For a while, nothing happens. I wait, eagerly tapping my aged Converse against the pebbled walkway. Dew dropped grass blows softly in the brisk morning wind, brushing harshly against my black jeans, bigger now than they used to be. I shiver in the cold, my teeth chattering as I fumble with the peeling skin around my fingernails, my hands hiding in the front pocket of my indigo sweatshirt that is two sizes too big for me now. It's a quick distraction, the only thing keeping me from going to that place, the place I must stay away from. I'm straddling the fine line between this world and the next. Except this world is a whirlwind of crippling pain and the next is a welcoming vacuum, trying to suck me away from the agony I'm feeling every second.

It's tempting to let that world draw me away, like the limp, inconsequential piece of trash I am. Who would care if I live or die?

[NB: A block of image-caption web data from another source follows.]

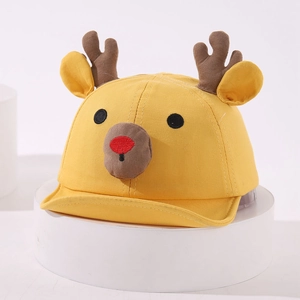 Yellow baby baseball cap with cute 3D reindeer antlers and soft cotton short brim
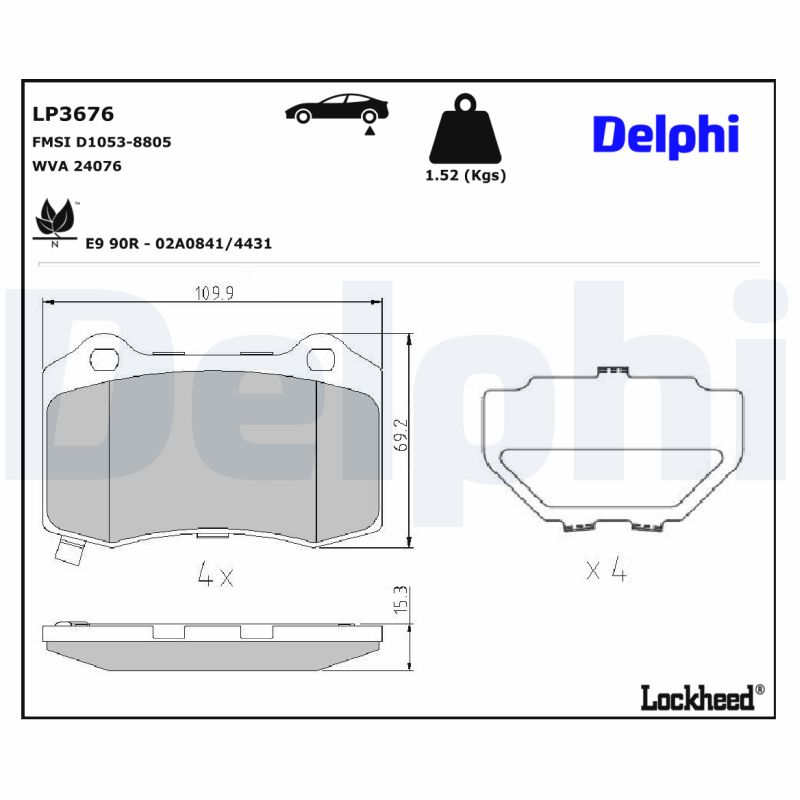 Delphi Diesel Remblokset LP3676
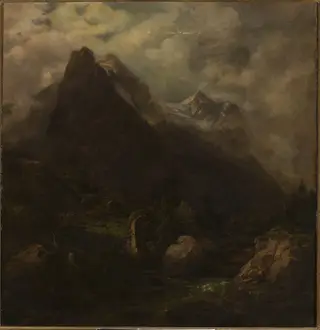 Mountain landscape, by Carl Wagner, oil, 1841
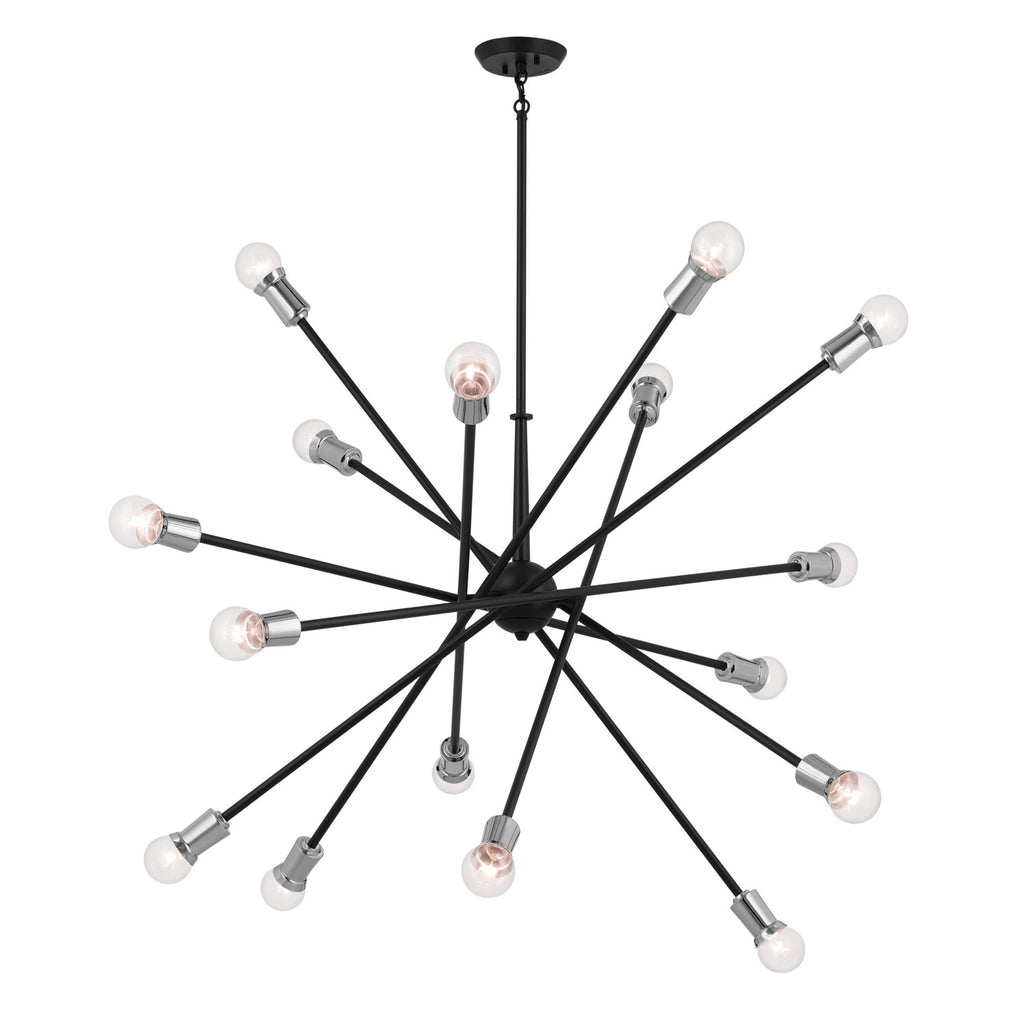 KICHLER 52537BK Armstrong 63" 16 Light Chandelier In Black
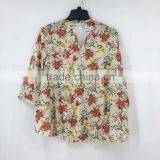 China Supplier Clearance Stock Lots Women Flower Print Chiffon Blouse thumbnail-6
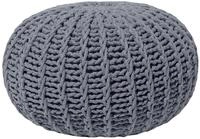 Beliani - Pouf Dunkelgrau 100% Baumwolle Rund ⌀ 50 Cm Elegant Modern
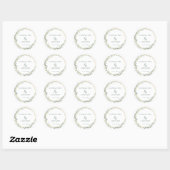 Moderne, elegante eucalyptusbruiloft ronde sticker (Vel)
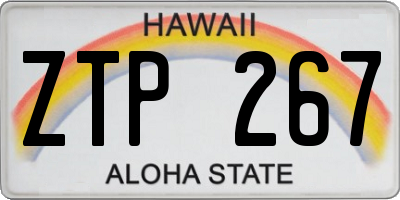 HI license plate ZTP267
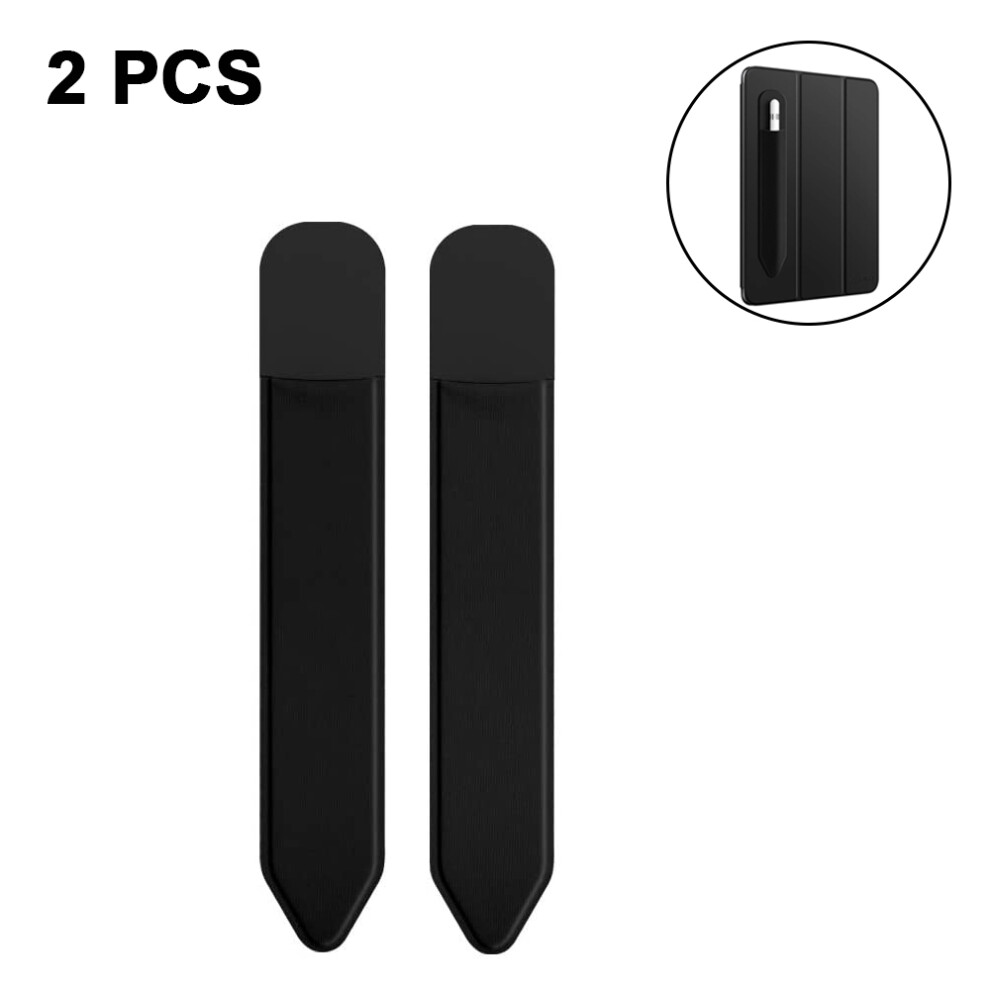 2Pcs Compatible With Apple Pencil Case - .Removable Elasticated Leather Sleeve Pocket Pocket Black 7770198292039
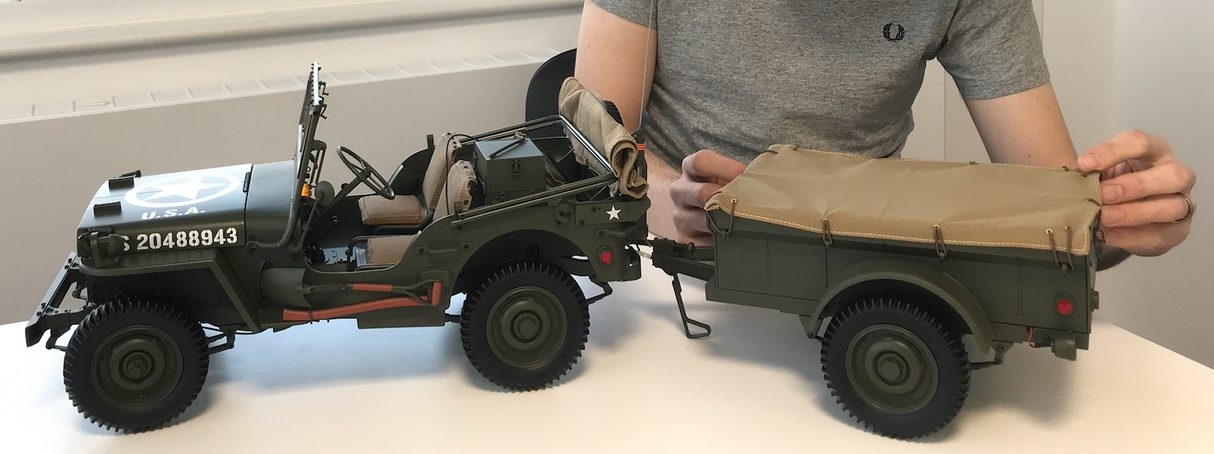 ISO Willys Jeep with trailer and accessories 1/8 Full kits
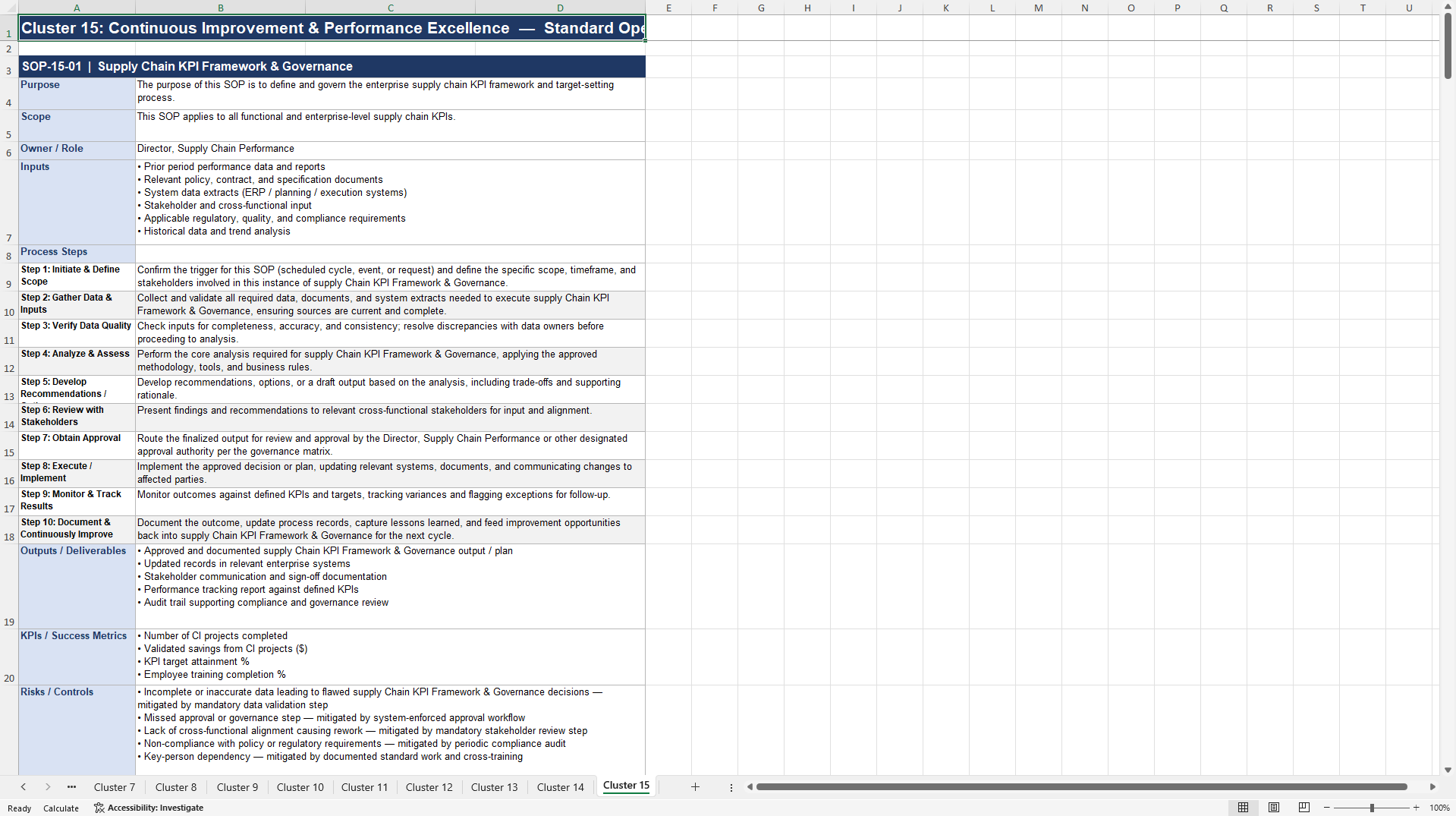 100+ Supply Chain Excellence SOPs (Excel template (XLSX)) Preview Image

I care, even though nobody else does. Except some days it seems impossible to keep caring, especially when you have nobody cheering you on.

Eventually, I can feel her presence in the air. It begins with the scent of her citrusy-sweet primrose perfume, my favorite since I was young. Then, I hear her. In the midst of the heavy winds blowing the already maple leaves across my feet, I pick up the sound of lilting whispers calling for me. I wait for her to quiet down. Soon she does, and that is how I know it won't be much longer before I see her. Moments later, her figure materializes before me. Her skin is ghostly white, stark like finely shaped porcelain. My father used to say she was carved by angels, sent down from heaven by accident.

That's why they took her back so soon. They grew jealous. They wanted her back almost as quickly as they gave her away.

Fuck them.

They can have her, as long as they live with the guilt of prying her away from her own family - her own son, who needed his mom. Who still needs his mom, now more than ever.

They had to watch me suffer. They had to watch me call for her night after night, begging her to appear at my windowsill. A silly request, but when you're all alone, you start to wish for miracles. My father seemed indifferent, barely spoke a word. I'm sure he heard my cries, I'm sure the whole world heard them. Yet he stayed in bed, wishing she was there beside him. Some days he probably even saw her there, too high to recognize the fantasy of it all. The other world had already sucked him in, like a black hole, drowning him in wispy clouds and lucid dreams. I have seen the stars in his eyes and the gnarled fumble in his step. He's the mere shell of a man, traipsing through life with barely anything keeping him tethered to the ground.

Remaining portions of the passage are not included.